## DATA LISTING
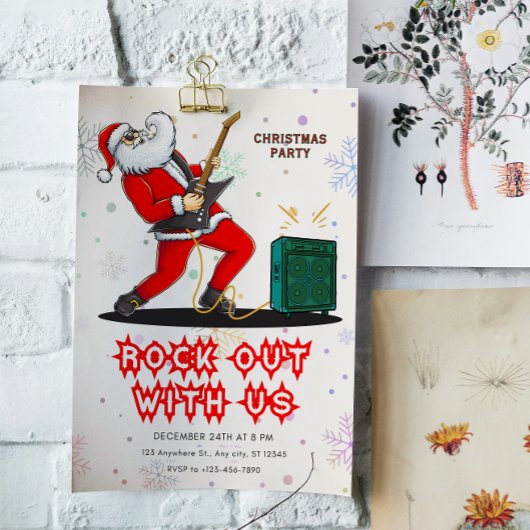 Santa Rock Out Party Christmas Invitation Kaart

* * *

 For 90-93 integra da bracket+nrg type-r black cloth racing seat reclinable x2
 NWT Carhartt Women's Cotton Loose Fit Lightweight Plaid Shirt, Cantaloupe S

## WORK INSTRUCTION
Find where the line with "For 90-93 integra" sits in the material above, then copy exactly from it through the line with "NWT Carhartt Women's". Add no other line.

## FINAL ANSWER
 For 90-93 integra da bracket+nrg type-r black cloth racing seat reclinable x2
 NWT Carhartt Women's Cotton Loose Fit Lightweight Plaid Shirt, Cantaloupe S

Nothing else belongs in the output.